E ancora in vista del vertice G7, secondo fonti di informazione statunitensi, riportate da Ria-Novosti, il capo del Pentagono, Ashton Carter, avrebbe condotto il 5 giugno a una riunione segreta a Stoccarda, con la partecipazione di diplomatici e militari americani in Europa, dedicata specificamente al tema “Russia”, al suo “contenimento”, alle sanzioni contro Mosca, all’ulteriore aiuto militare ad alcuni paesi europei, al finanziamento di “sfere non tradizionali”, quali la cibersicurezza. Secondo Carter, le sanzioni non sono in fondo così efficaci “per costringere Putin a mutare il suo corso” e gli USA dovranno ricorrere “ad altre risorse”, riconoscendo la “aggressività” di Mosca.
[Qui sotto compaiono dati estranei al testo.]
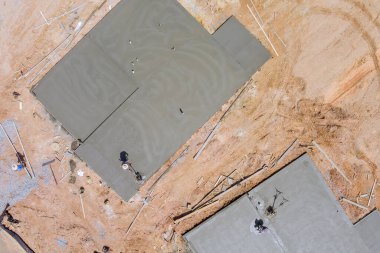 Çalışan işçiler, inşaat halindeki evdeki beton zemin ile ovalayarak çalışırlar.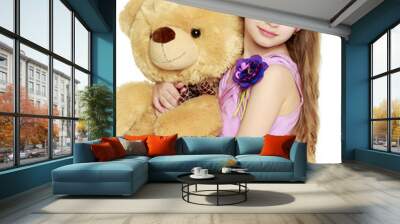 Beautiful little girl 5-6 years.She is holding a large teddy bea Wall mural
Mentre il presidente Porošenko, nella conferenza stampa odierna al termine dei colloqui con il premier canadese Stephen Harper, ha dichiarato, bontà sua, che al momento Kiev non persegue il dislocamento di sistemi missilistici occidentali in Ucraina e, per contro, istruttori canadesi giungeranno a breve nel paese per l’addestramento dei militari ucraini, vedremo nei prossimi giorni se il “gioco delle parti” tra le due sponde dell’Atlantico, che sta continuando anche al G7, porterà a un ulteriore peggioramento della situazione nel sudest dell’Ucraina o a un ritorno alla discussione politica.